With Tuesday's developments, though, this story may be close to its final squeal.
An Appealing Bid …Maybe
Shortly after the open on Tuesday, Zhongpin announced that it had received a letter from the company chairman Xianfu Zhu offering to take the company private for $13.50 per share in cash. At the time of the letter, Mr. Zhu already owned more than 17% of the company's shares.
At this point, it's not clear if this bid is a viable offer. As Mr. Zhu's own letter acknowledges, he does not currently have the capital to execute the proposed transaction. While Mr. Zhu intends to to raise the funds, this seems like more of an idea than a firm offer at this point. What's more, he will need over $400 million to complete this deal and that could be challenging in an environment where Chinese banks have reportedly been cutting back on lending for "speculative" purposes. As Zhongpin stock is currently trading below $12, it's clear that the market has its doubts as to whether this deal will actually happen.
A Largely Fair Price
Should the deal go through as contemplated, Zhongpin shareholders are getting what looks like a fair price to me. Zhongpin recently seriously disappointed the Street with significant downward revisions to sales and margin expectations (relative to prior sell-side expectations), but the long-term prospects for this business still look attractive.
Were Zhongpin able to log multiple years of double-digit revenue growth and achieve a free cash flow margin of 4% around 2022, the shares should trade for around $13 per share today.

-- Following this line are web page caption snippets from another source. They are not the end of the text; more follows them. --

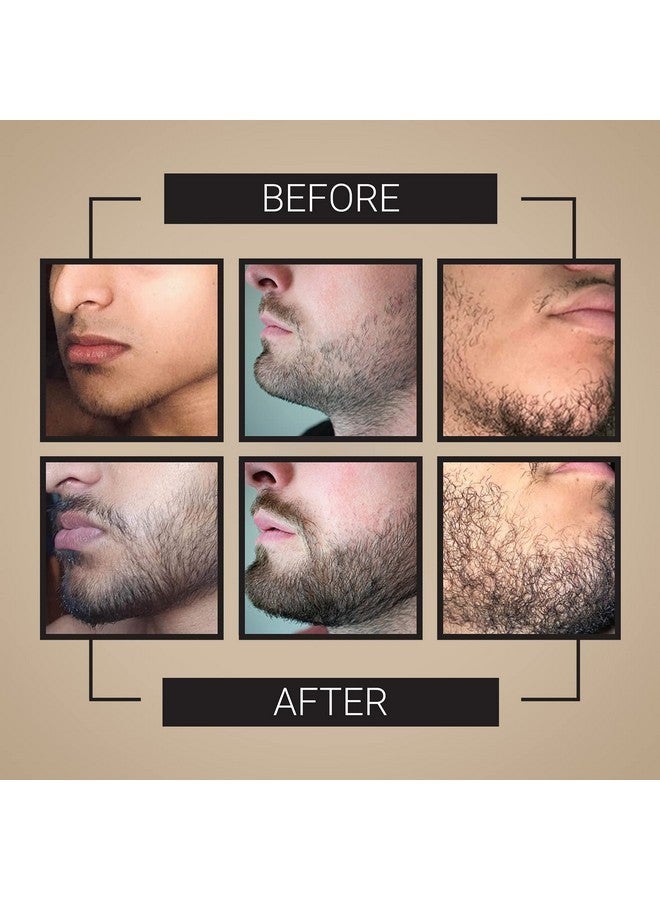 Crafted Beards Beard Growth Kit - Beard Growth Roller - Beard Growth Oil - Beard Roller - Beard Grower - 30 day supply - Image 3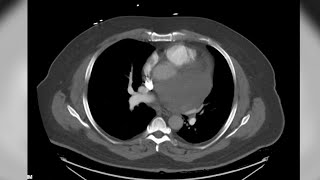 Skin Cancer to the Heart - Kyle's Remarkable Journey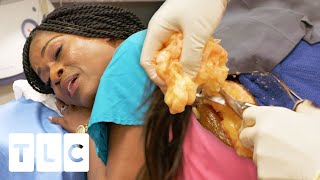 Woman Sings While Dr Lee Removes Her &quot;Talkative&quot; Lipoma | Dr. Pimple Popper Pop Ups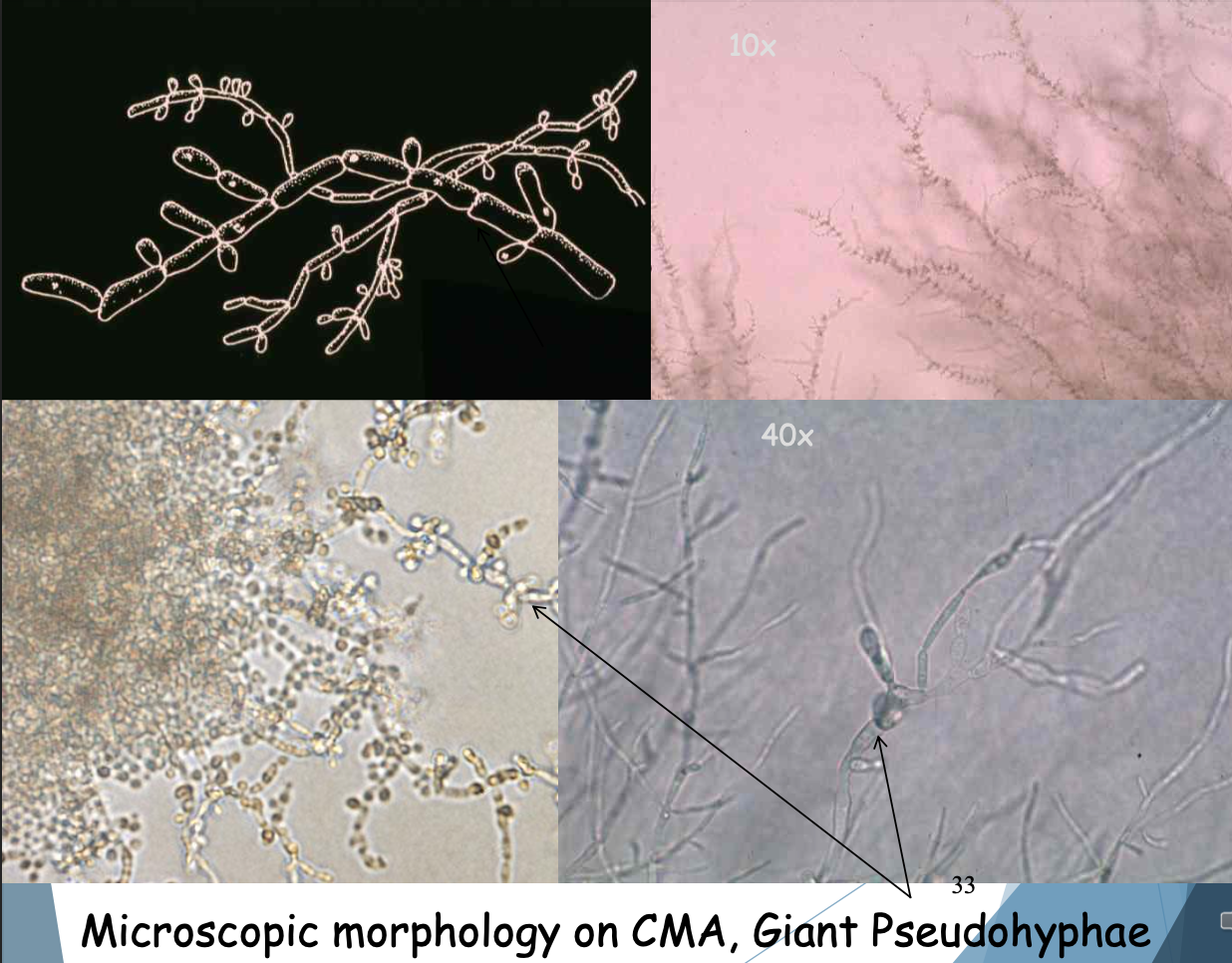 <p>C. Parapsilosis: curved pseudohyphae w blastoconidia singly or in clusters</p>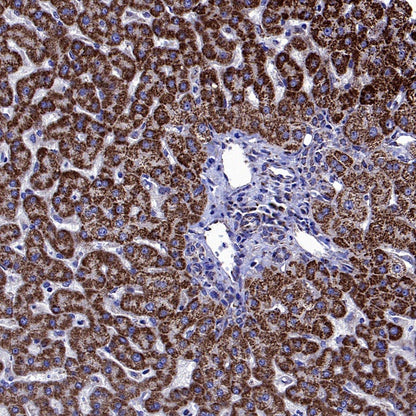 SDHA Recombinant Rabbit mAb (S-1458-43)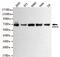 Replication Protein A1 antibody, GTX49157, GeneTex, Western Blot image 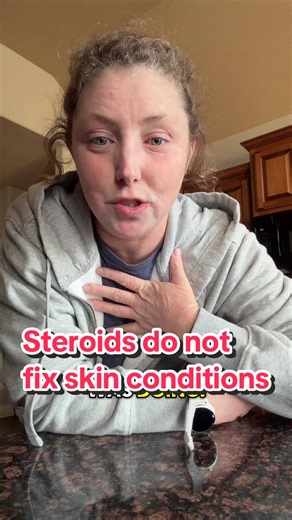 Please, if you take anything away from my videos, let it be not to use steroids to treat skin conditions. Eczema is not a problem of your skin. It is a problem internally that needs to be fixed. Steroids are literally a Band-Aid and we all know that Band-Aids fall off. Steroids are not the answer for skin problems! ##tsw##topicalsteroidwithdrawal##nmt##eczema##rlt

Granted, a 4% free cash flow margin is a little robust compared with American protein producers like Tyson (NYSE:TSN), Smithfield (NYSE:SFD), and Hormel (NYSE:HRL), but it's not so out of line when including other emerging market names like China Yurun and Marfrig.
Should Investors Hold Out For More?
Investors in Zhongpin have a difficult decision. As the fourth-largest pork producer in China (about one-quarter the size of Shanghui and one-third the size of China Yurun), there is definitely some growth potential here as incomes and meat consumption rise in China. What's more, companies like McDonald's (NYSE:MCD), Wal-Mart (NYSE:WMT), and Carrefour are listed as clients of Zhongpin and it's not hard to see how the company could grow with the support of big-name buyers.

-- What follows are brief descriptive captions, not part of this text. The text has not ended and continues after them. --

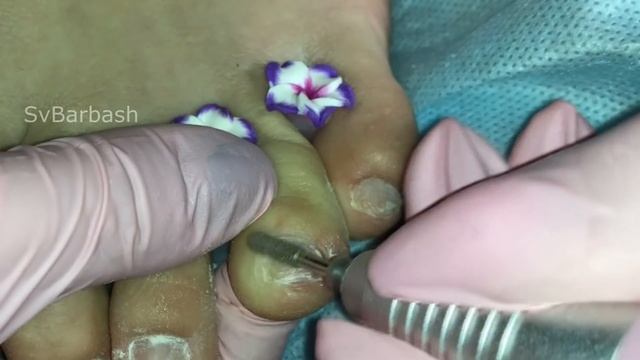 ►УЖАСНЫЙ Педикюр. ВРОСШИЙ НОГОТЬ.ПРЕОБРАЖЕНИЕ ? НЕ ДЛЯ СЛАБОНЕРВНЫХ.? Педикюр От и До. Педикюр дома смотреть онлайн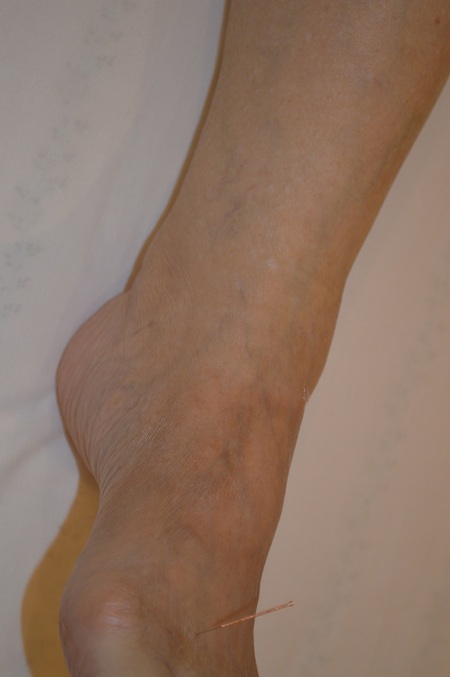 足の腫れの鍼治療症例(18) 足の腫れの鍼治療症例(18)
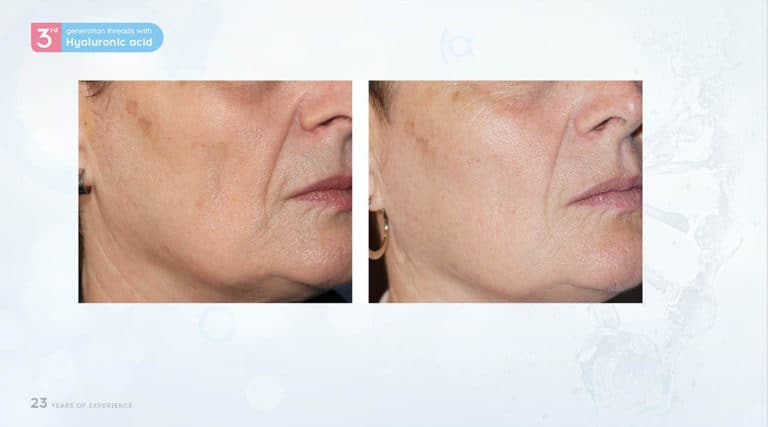 Inainte & Dupa / Fire Aptos cu Acid Hialuronic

Still, there is a lot of risk in these shares - not the least of which comes from its peers that seem willing to continue adding capacity irrespective of the economics. With China's government actively looking to reduce the number of small independents operating processing facilities (with an eye toward improving public health/food quality standards), there's incentive to get as big as possible as quickly as possible…and that's not good for anybody's margin.
As I see fair value of around $13 here, $13.50 would indeed be a nice takeout. The trouble is whether that deal is real. If I already owned these shares, I might be tempted to hang on - banking on either the deal going through, a competing offer coming in, or the the underlying growth potential of the business eventually leading to that target price. That said, don't listen to rumors about a company like Tyson or Smithfield stepping in - if a rival comes in with a competing bid, it will almost certainly be another Chinese company.

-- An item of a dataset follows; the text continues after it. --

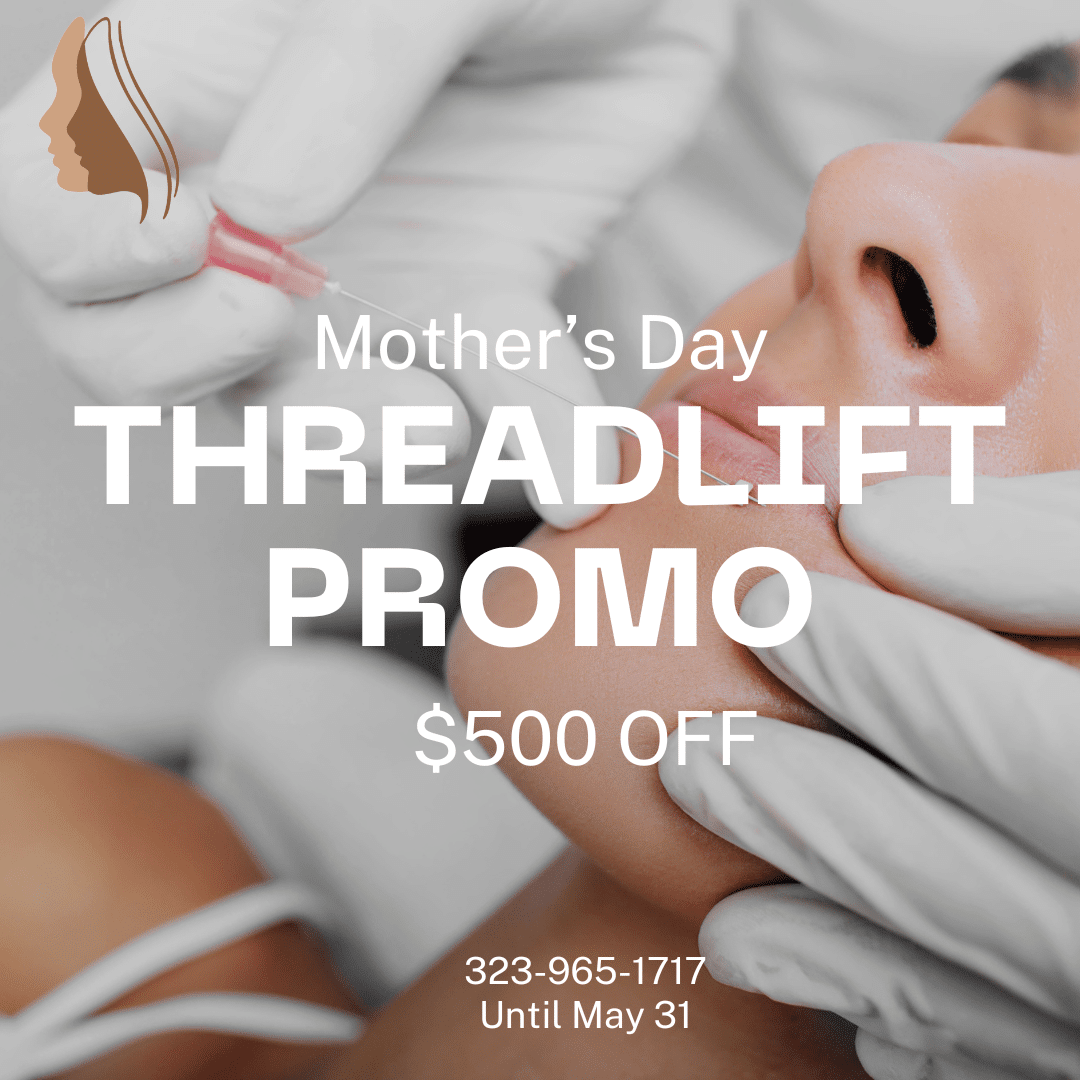 Threadlift Promo May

If I didn't already own the shares, I'd sit and wait. Yes, it's tempting to buy $13.50 shares for less than $12, but the risk of the deal falling apart (and the stock falling back into the single digits) should not be ignored. With more downside than upside with a proposal already on the table, I'd sit tight and look for better emerging market food stories today.
Disclosure: I have no positions in any stocks mentioned, and no plans to initiate any positions within the next 72 hours.